### Aim of the task
Print the whole listing below exactly, skipping every picture.

### Data block
--- START ---

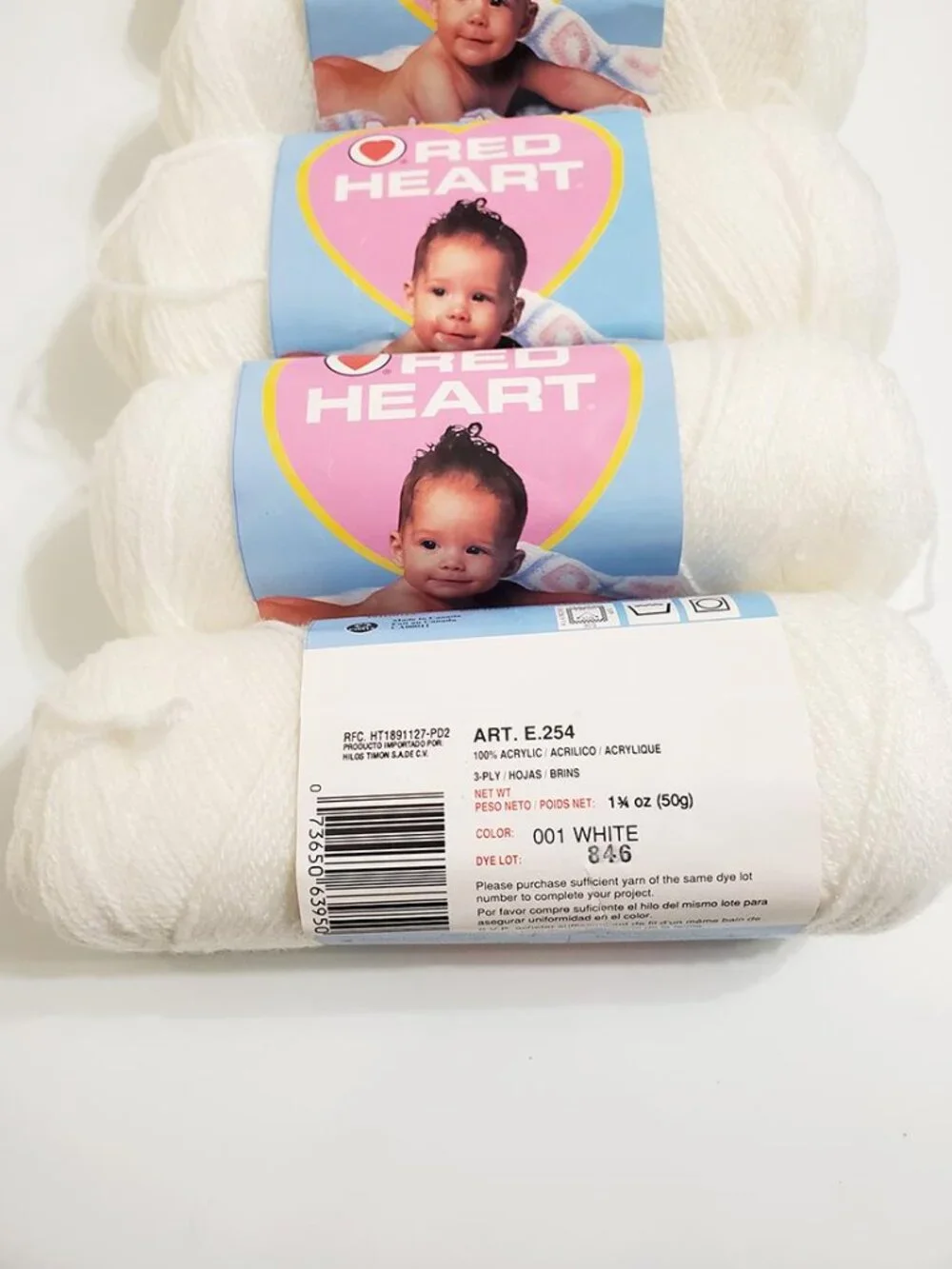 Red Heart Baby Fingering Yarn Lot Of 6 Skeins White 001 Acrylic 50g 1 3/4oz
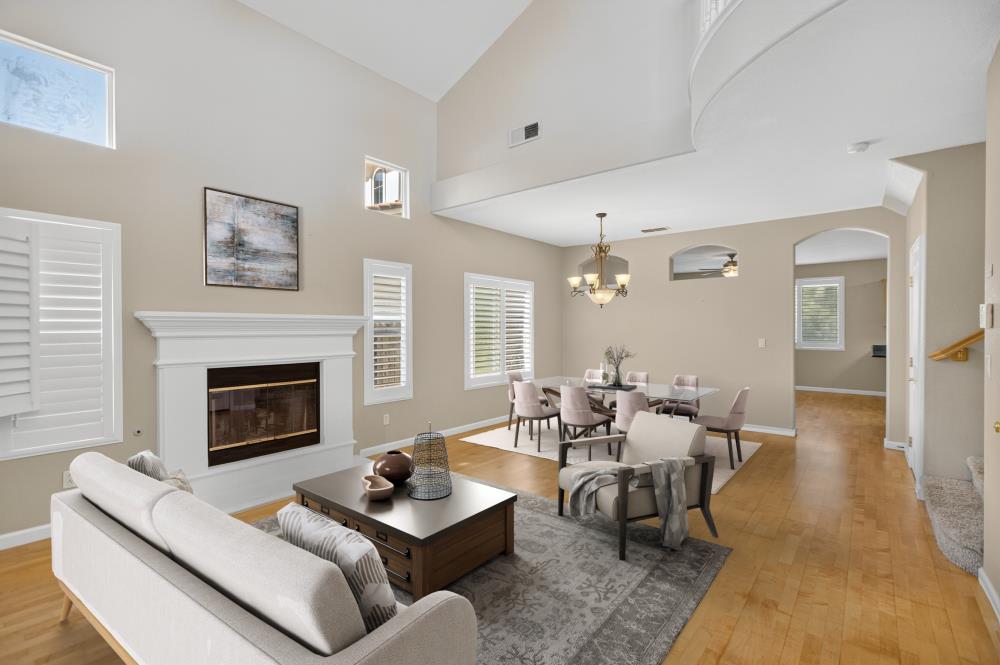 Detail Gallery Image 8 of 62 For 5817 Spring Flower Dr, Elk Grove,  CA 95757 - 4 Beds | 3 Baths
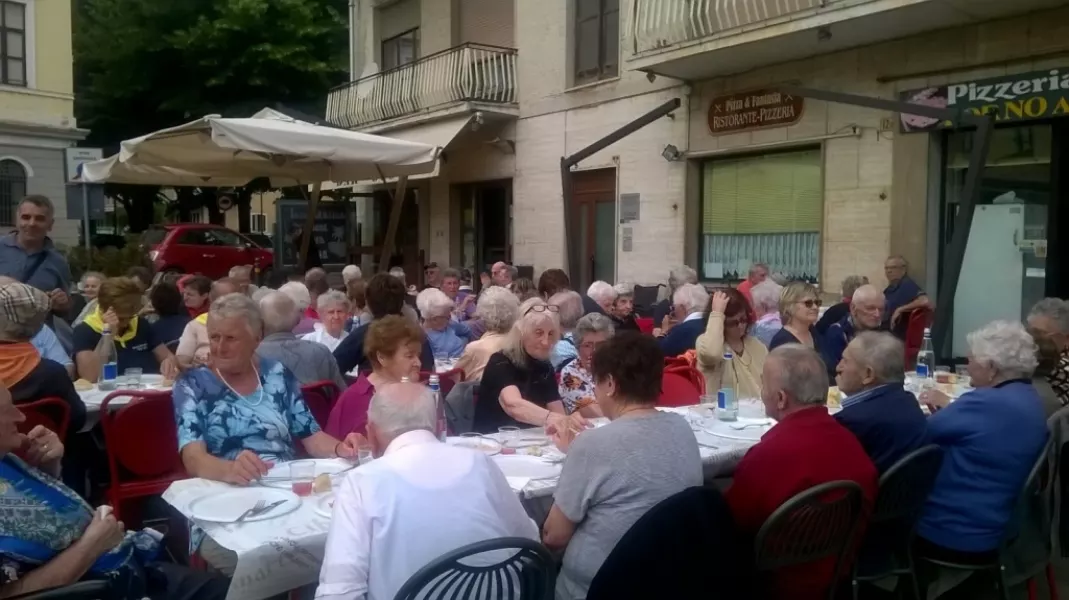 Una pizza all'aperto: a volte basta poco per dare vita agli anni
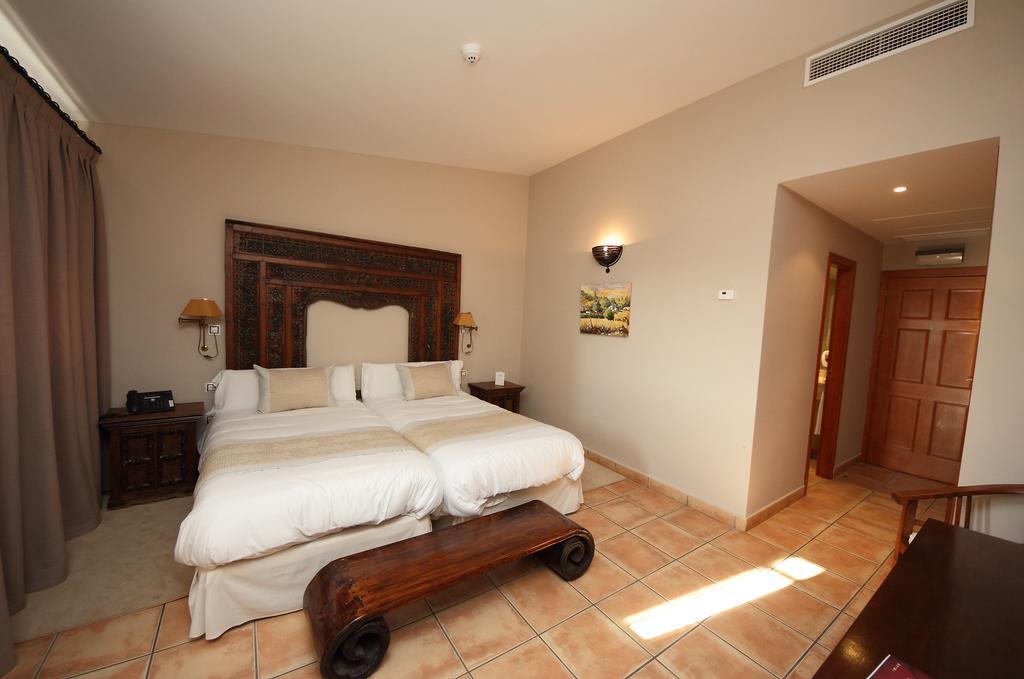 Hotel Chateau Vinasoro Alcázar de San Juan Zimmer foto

--- END ---

### Response
 Red Heart Baby Fingering Yarn Lot Of 6 Skeins White 001 Acrylic 50g 1 3/4oz
 Detail Gallery Image 8 of 62 For 5817 Spring Flower Dr, Elk Grove,  CA 95757 - 4 Beds | 3 Baths
 Una pizza all'aperto: a volte basta poco per dare vita agli anni
 Hotel Chateau Vinasoro Alcázar de San Juan Zimmer foto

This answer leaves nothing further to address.